Exercise prompt:
Make an exact copy, from the records below, of the lines from the line containing "Presentation with spirits" to the line containing "Финишное покрытие без", both lines included, excluding pictures.

Web page caption snippets:
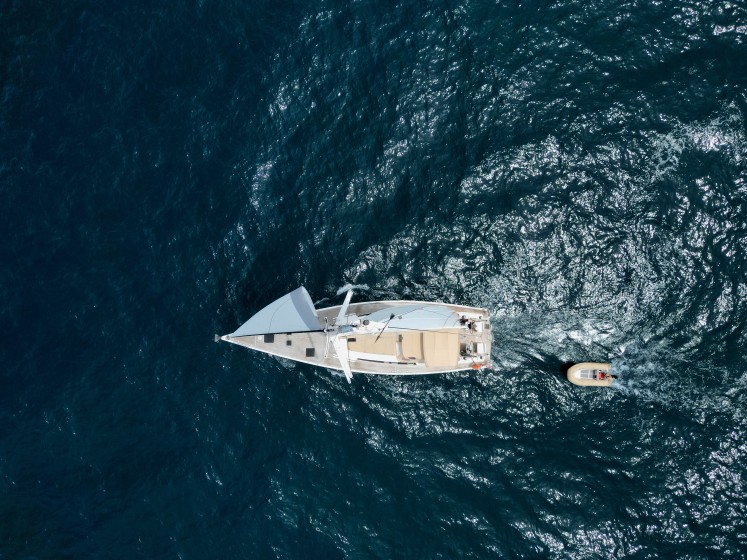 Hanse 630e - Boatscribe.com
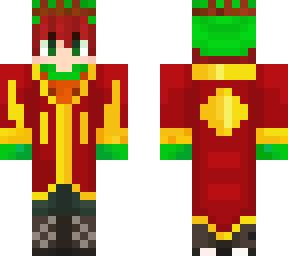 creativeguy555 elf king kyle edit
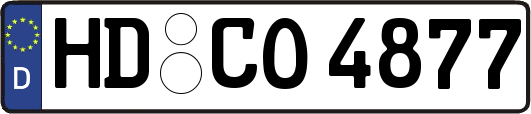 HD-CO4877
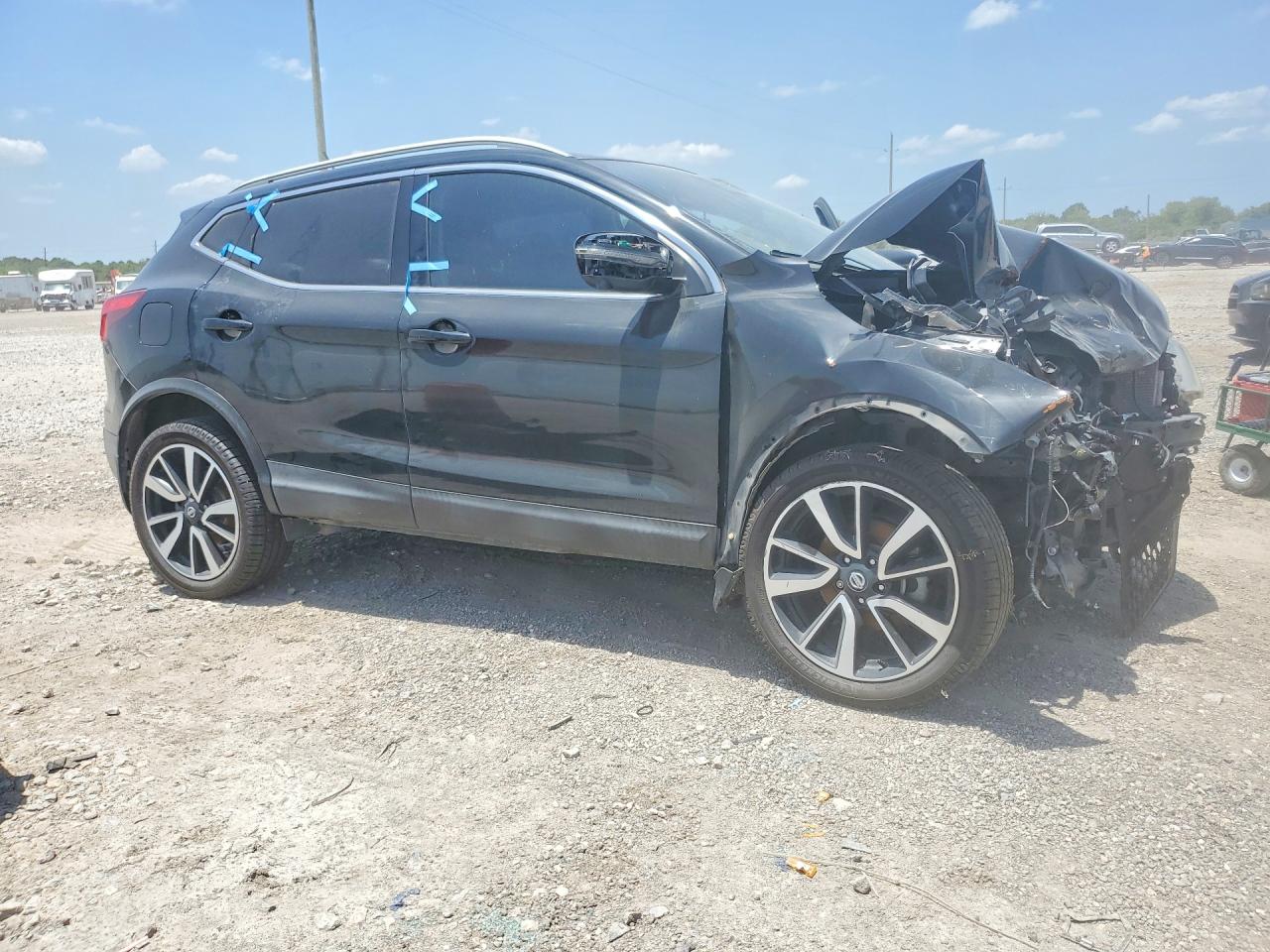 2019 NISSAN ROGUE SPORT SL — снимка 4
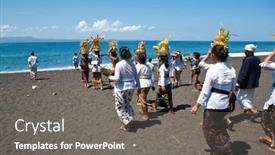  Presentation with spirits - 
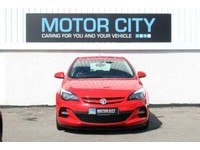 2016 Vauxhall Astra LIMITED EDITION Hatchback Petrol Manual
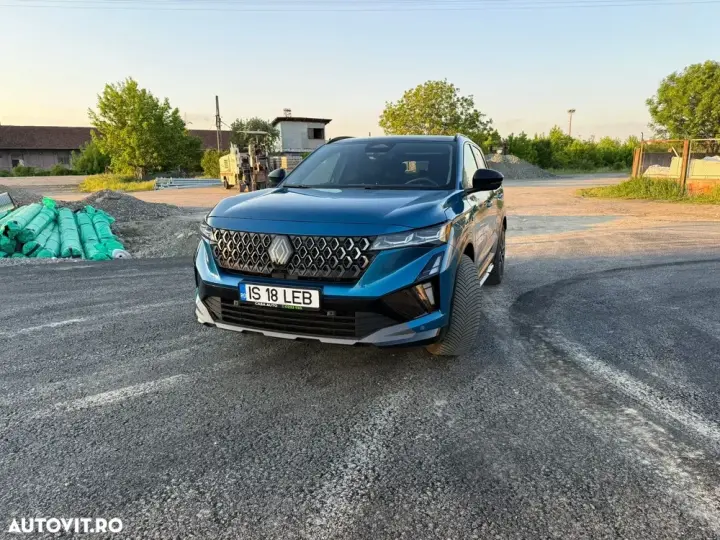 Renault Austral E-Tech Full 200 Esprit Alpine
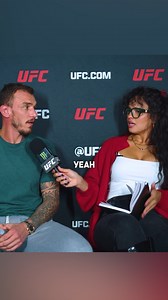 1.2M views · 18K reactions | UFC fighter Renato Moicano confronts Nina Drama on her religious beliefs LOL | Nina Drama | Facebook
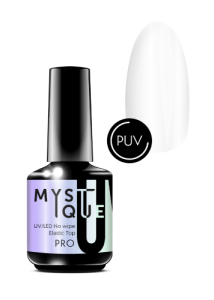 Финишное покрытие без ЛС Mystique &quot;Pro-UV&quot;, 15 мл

...

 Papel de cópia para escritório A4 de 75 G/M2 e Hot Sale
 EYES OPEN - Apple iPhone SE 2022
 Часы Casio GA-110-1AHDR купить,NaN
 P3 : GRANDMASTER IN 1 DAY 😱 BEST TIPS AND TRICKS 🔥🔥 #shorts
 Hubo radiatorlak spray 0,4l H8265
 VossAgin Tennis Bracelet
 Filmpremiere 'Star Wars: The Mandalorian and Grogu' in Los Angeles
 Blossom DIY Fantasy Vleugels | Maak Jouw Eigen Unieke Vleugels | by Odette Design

Your response:
  Presentation with spirits - 
 2016 Vauxhall Astra LIMITED EDITION Hatchback Petrol Manual
 Renault Austral E-Tech Full 200 Esprit Alpine
 1.2M views · 18K reactions | UFC fighter Renato Moicano confronts Nina Drama on her religious beliefs LOL | Nina Drama | Facebook
 Финишное покрытие без ЛС Mystique &quot;Pro-UV&quot;, 15 мл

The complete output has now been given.